Thurs.28.1.21 Melbourne 'Herald Sun' New scare on Bourke St Mall JOSH FAGAN & MILES PROUST
Police try to intercept a speeding car and (below) interview pedestrians. Pictures: ROB LEESON, SUPPLIED
A SPEEDING car forced pedestrians to flee for their lives as the driver raced erratically through Bourke Street Mall late on Thursday afternoon, in scenes reminiscent of the deadly 2017 terror attack.
The driver was on the run on Thursday night after evading police, who later found the car in Albert Park.
Officers had attempted to pull over the green Mitsubishi Lancer — which they believed had fake number plates — on Bourke Street, near Swanston Street, about 4.55pm before it mounted a kerb and sped off.

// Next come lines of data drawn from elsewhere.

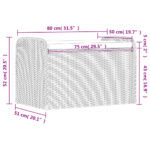 vidaXL Úložná lavička s vankúšom sivá 80x51x52 cm polyratan – Obrázok 11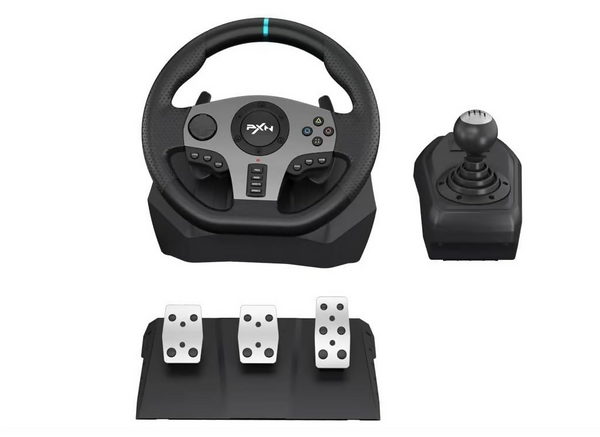 PXN-V9 900 Racing Game Steering Wheel for PC PS3 PS4 Xboxes One Switch Turntable Steering Wheel
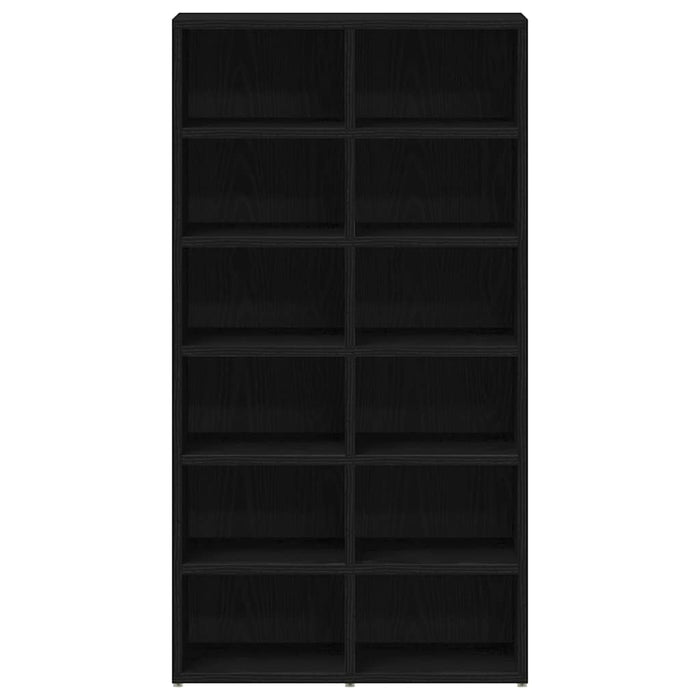 Scarpiera Rovere Nero 54x34x100,5 cm in Legno Multistrato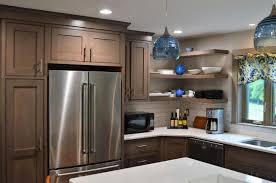 It is the hardest, heaviest and strongest american wood hickory is a very heavy, hard and dense wood. Showplace Cabinetry Inset Shaker W Rockport Grey Wash Finish And Open Shelving Kbr Design Kitchens By Rich Eckler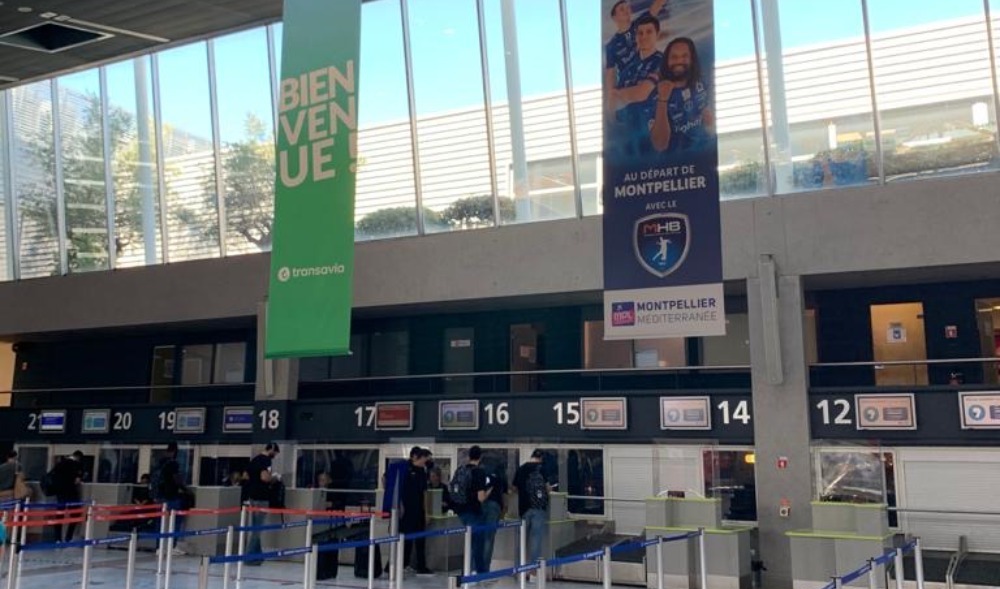 Le Montpellier Handball de retour à l&rsquo;aéroport de Montpellier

No one was hurt in the terrifying incident, a week after Melbourne marked the fourth anniversary of the 2017 attack in which James Gargasoulas mowed down pedestrians, killing six and injuring 27.
Witnesses said the car smashed into a security bollard — one of dozens installed in the mall as a result of the 2017 incident — before a male passenger leapt from it and fled along Elizabeth Street.
Security guard Addy Shah said he rushed out of the Cotton On clothing store when he heard the “huge bang” of the car ploughing into the bollard.
“The guy was driving so fast and just hit the pole at speed,” he said.
He said a police car was directly behind the vehicle and one officer drew his gun.
“He (the policeman) was pointing the gun at the car but it was such a busy street and there were so many people around, that would have blocked his view. The car was speeding off … but he didn’t pull the trigger.”
He said a man in the passenger seat jumped out and bolted around the corner down Elizabeth Street.
“As soon as the car hit the pole he just opened the door and ran away. I’ve never seen someone galloping that quick.”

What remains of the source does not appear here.